Not three, not seventy one, and certainly not an infinite number. Gender is not a spectrum, a continuum, a kaleidoscope, a prism, or any other majestic-sounding metaphor trans activism has dreamed up.”

Yes, this book is very controversial. But of course, I love to read that kind of book.

About the Book

Title: The End of Gender: Debunking the Myths About Sex and Identity in our Society

Author: Dr. Debra Soh

Published: 2020

Series: (standalone)

Genre: psychology, politics, sociology, gender

My Rating: 4/5 stars

The Premise

Synopsis (from Goodreads) (truncated):

“Is our gender something we’re born with, or are we conditioned by society? In The End of Gender, neuroscientist and sexologist Dr.
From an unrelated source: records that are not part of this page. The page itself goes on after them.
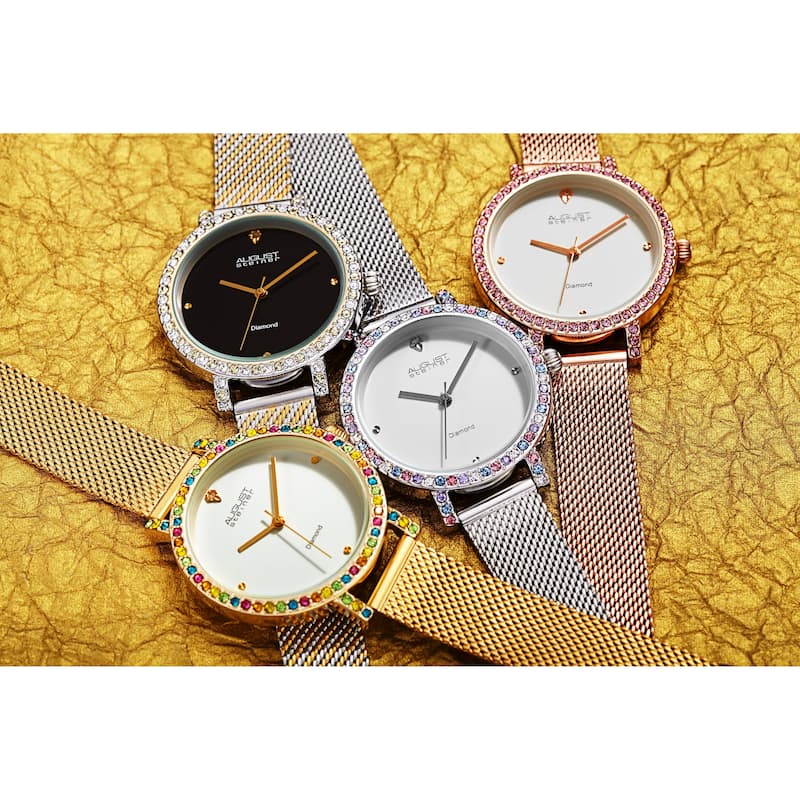 August Steiner Women's Quartz Diamond and Crystal Stainless Steel Mesh Band Watch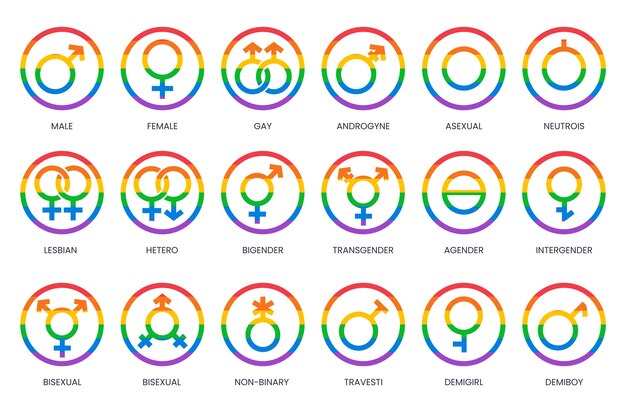 Flat pride month symbols collection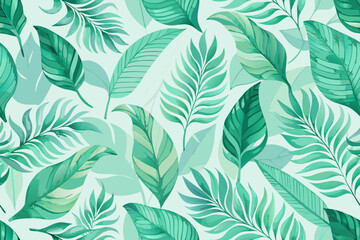 Serene tropical leaves pattern with lush green watercolor textures evoking natural beauty and tranquility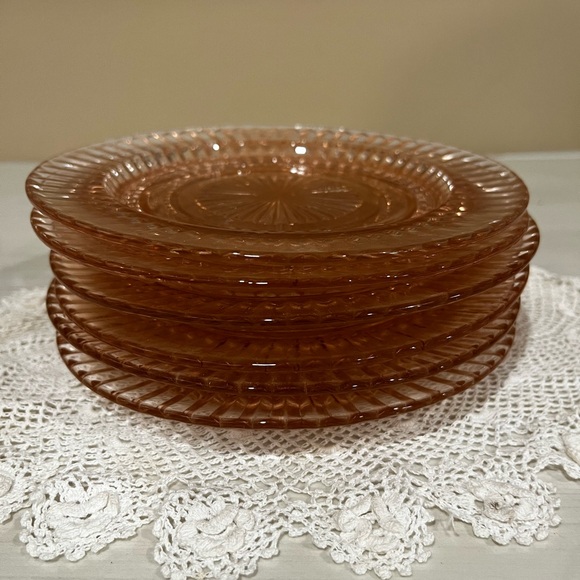Vintage Depression Glass 6 Pink Swirl poss Federal Diana Bread & Butter Plates - Picture 2 of 3
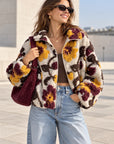 Teddyjacke, 3D-Blumen, Senf-Beige
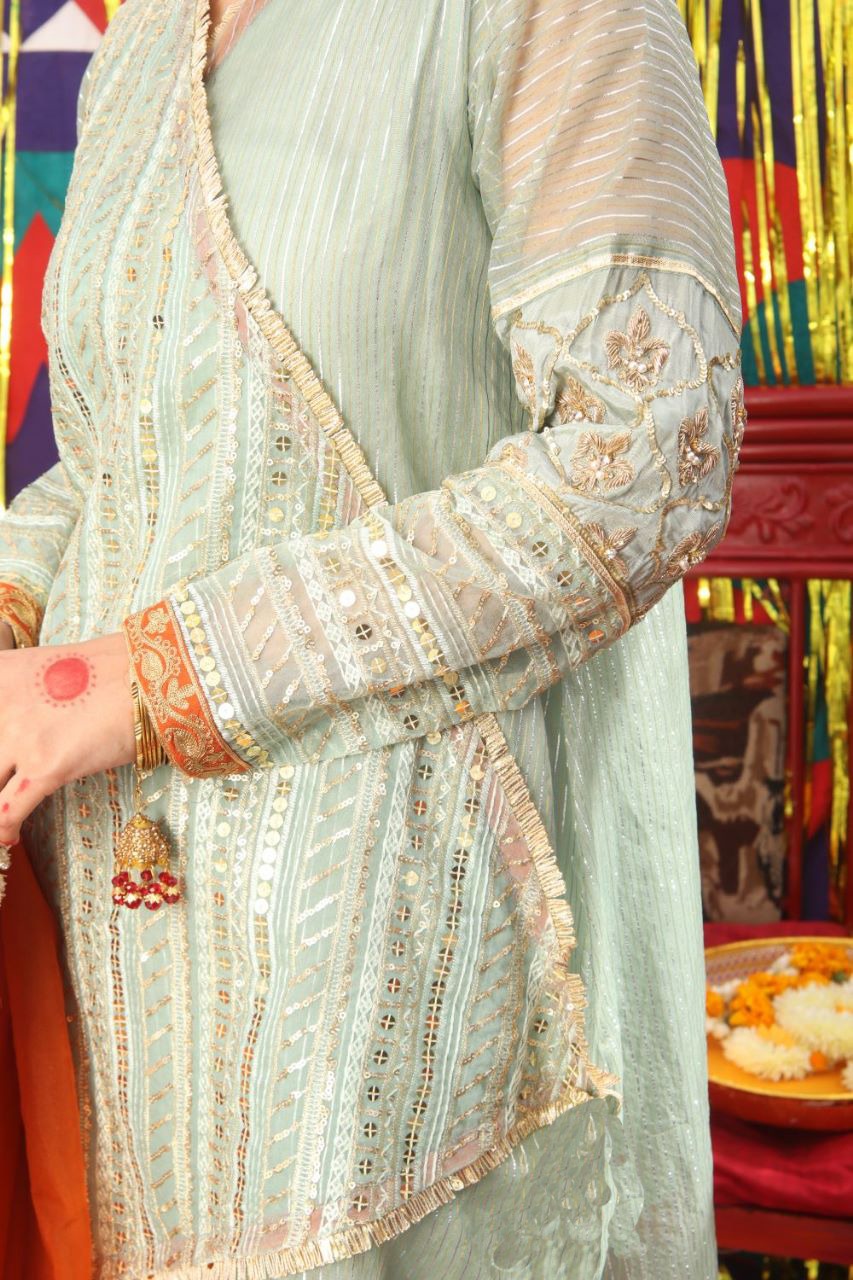 Senorita Women RTW Women Solids Light Green and Golden Formal 3 Piece Suit Pure Banarsi Organza Self Strip LDD-01889 - Winter Collection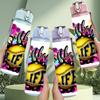 1PC Life Abstract Colorful Splash Graffiti 750ml Color Plastic Sports Water Bottle Leakproof Flip Straw Lid Suitable for Sports Office Home Use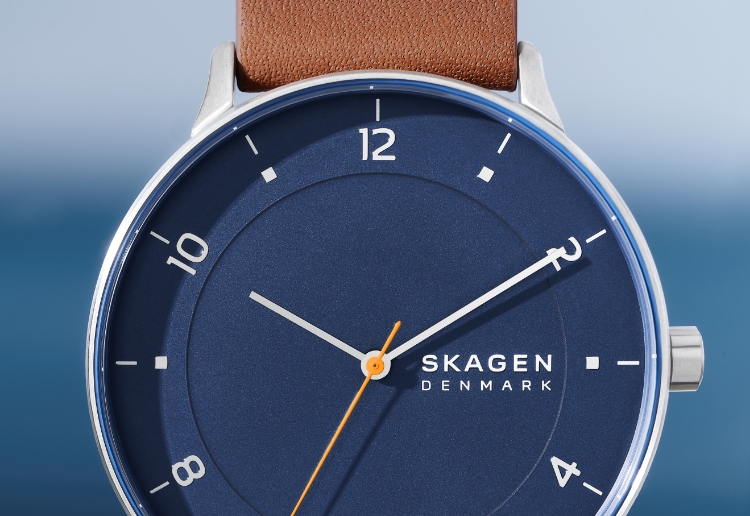 Man on a beach wearing a Skagen watch and bracelet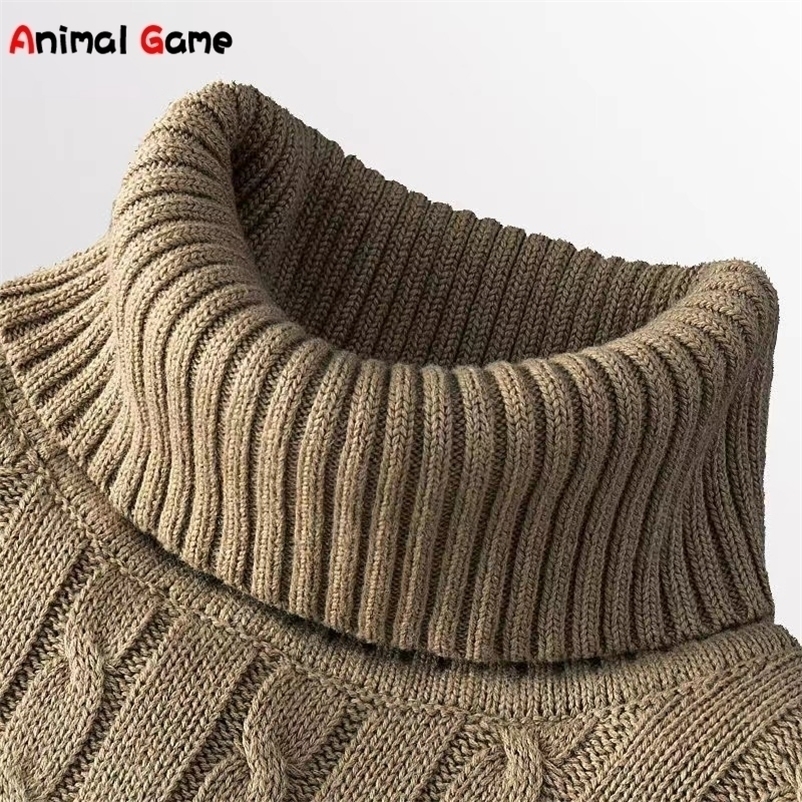 

Men's Sweaters Winter Warm Turtleneck Sweater Casual Men's Rollneck Warm Knitted Sweater Keep Warm Men Jumper Knit Woolen Sweater 221010, Beige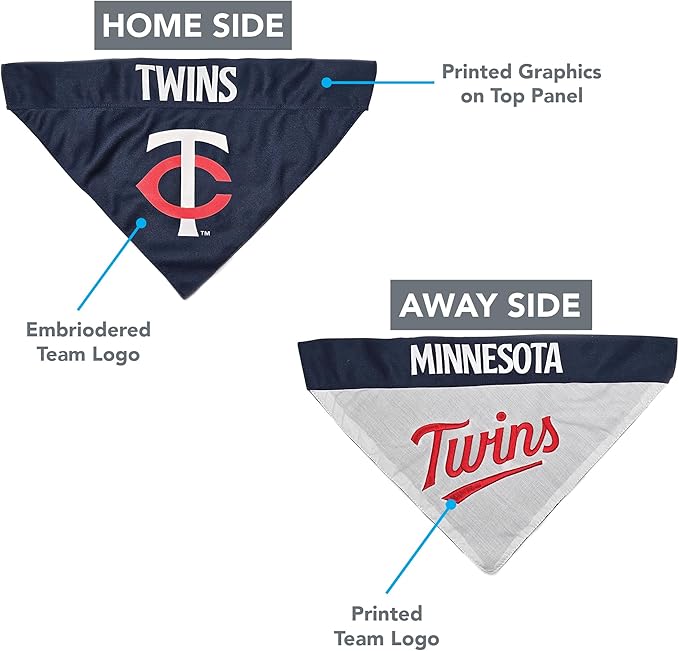 Pets First TWN-3217-L-XL MLB Minnesota Twins Reversible Pet Bandana, Large/X-Large, MLB Team Color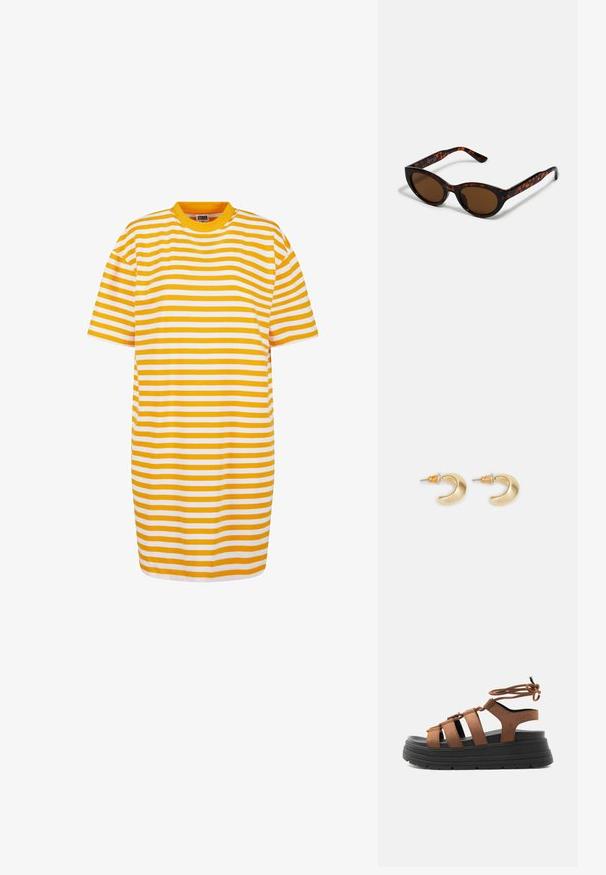 Robe t-shirt rayée avec des rayures alternées jaunes et blanches, col rond et manches courtes, confectionnée dans un tissu doux.; Sandale à brides en daim marron avec semelle plateforme noire épaisse et fermeture à lacets autour de la cheville, vue de côté sur un fond clair.; Lunettes de soleil en écaille de tortue marron avec une forme vintage de lunettes cat-eye et des verres marron. Présente des branches courbées avec des accents rouges.; Boucles d'oreilles en forme de croissant en or avec une finition lisse, présentant des accents orange près du clou et un matériel en argent.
Debra Soh uses a research-based approach to address this hot-button topic, unmasking popular misconceptions about the nature vs. nurture debate and exploring what it means to be a woman or a man in today’s society.”

My Thoughts

The End of Gender intends to debunk what Dr. Debra Soh believes are myths regarding sex and gender in society. This is probably the most contentious debate of our current cultural zeitgeist, it’s a very sensitive topic, and discussion about it can definitely be taboo. But that doesn’t mean we should avoid it.

Soh is a sexologist with a PhD in neuroscience, and now she’s a journalist focusing on debates around sex, gender, politics, and academic freedom. Her ideas regarding these topics stray from some of the accepted progressive theories about the gender spectrum and some other issues, so she’s been subject to plenty of backlash, and her book was even surreptitiously removed from Target for a short amount of time in 2020.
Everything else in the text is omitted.